A client had an embolectomy for an arteriovenous malformation
(AVM). The client is now reporting a severe headache and has
vomited. What action by the nurse takes priority?
a. Administer pain medication.
b. Assess the client's vital signs.
c. Notify the Rapid Response Team.
d. Raise the head of the bed. correct answers >> ANS:C
This client may be experiencing a rebleed from the AVM. The
most important action is to call the Rapid Response Team as this
is an emergency. The nurse can assess vital signs while someone
else notifies the Team, but getting immediate medical attention is
the priority. Administering pain medication may not be warranted
if the client must return to surgery. The optimal position for the
client with an AVM has not been determined, but calling the Rapid
Response Team takes priority over positioning.

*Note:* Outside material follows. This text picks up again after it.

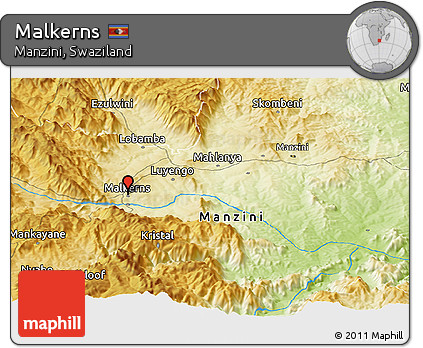 Physical Panoramic Map of Malkerns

A student nurse is preparing morning medications for a client who
had a stroke. The student plans to hold the docusate sodium

, (Colace) because the client had a large stool earlier. What action
by the supervising nurse is best?
a. Have the student ask the client if it is desired or not.
b. Inform the student that the docusate should be given.
c. Tell the student to document the rationale.
d. Tell the student to give it unless the client refuses. correct
answers >> ANS:B
Stool softeners should be given to clients with neurologic
disorders in order to prevent an elevation in intracranial pressure
that accompanies the Valsalva maneuver when constipated. The
supervising nurse should instruct the student to administer the
docusate. The other options are not appropriate. The medication
could be held for diarrhea.


A client experiences impaired swallowing after a stroke and has
worked with speech-language pathology on eating. What nursing
assessment best indicates that a priority goal for this problem has
been met?
a. Chooses preferred items from the menu
b. Eats 75% to 100% of all meals and snacks
c. Has clear lung sounds on auscultation
d. Gains 2 pounds after 1 week correct answers >> ANS:C
Impaired swallowing can lead to aspiration, so the priority goal for
this problem is no aspiration. Clear lung sounds is the best
indicator that aspiration has not occurred. Choosing menu items
is not related to this problem. Eating meals does not indicate the
client is not still aspirating. A weight gain indicates improved
nutrition but still does not show a lack of aspiration.